Entries taken from a collection
════════════════════

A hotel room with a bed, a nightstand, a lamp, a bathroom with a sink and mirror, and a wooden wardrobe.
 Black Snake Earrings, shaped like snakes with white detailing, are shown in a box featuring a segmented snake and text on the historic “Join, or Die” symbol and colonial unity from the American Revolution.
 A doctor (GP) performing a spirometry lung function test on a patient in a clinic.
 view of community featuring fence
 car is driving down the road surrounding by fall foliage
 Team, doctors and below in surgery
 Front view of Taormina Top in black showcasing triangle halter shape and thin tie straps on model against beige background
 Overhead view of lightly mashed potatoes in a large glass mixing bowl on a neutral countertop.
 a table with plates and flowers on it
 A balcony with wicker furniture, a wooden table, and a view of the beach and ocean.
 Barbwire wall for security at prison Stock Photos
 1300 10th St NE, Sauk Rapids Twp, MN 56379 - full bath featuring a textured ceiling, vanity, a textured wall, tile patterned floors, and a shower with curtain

════════════════════

An exact transcription of all the entries is needed.

A hotel room with a bed, a nightstand, a lamp, a bathroom with a sink and mirror, and a wooden wardrobe.
 Black Snake Earrings, shaped like snakes with white detailing, are shown in a box featuring a segmented snake and text on the historic “Join, or Die” symbol and colonial unity from the American Revolution.
 A doctor (GP) performing a spirometry lung function test on a patient in a clinic.
 view of community featuring fence
 car is driving down the road surrounding by fall foliage
 Team, doctors and below in surgery
 Front view of Taormina Top in black showcasing triangle halter shape and thin tie straps on model against beige background
 Overhead view of lightly mashed potatoes in a large glass mixing bowl on a neutral countertop.
 a table with plates and flowers on it
 A balcony with wicker furniture, a wooden table, and a view of the beach and ocean.
 Barbwire wall for security at prison Stock Photos
 1300 10th St NE, Sauk Rapids Twp, MN 56379 - full bath featuring a textured ceiling, vanity, a textured wall, tile patterned floors, and a shower with curtain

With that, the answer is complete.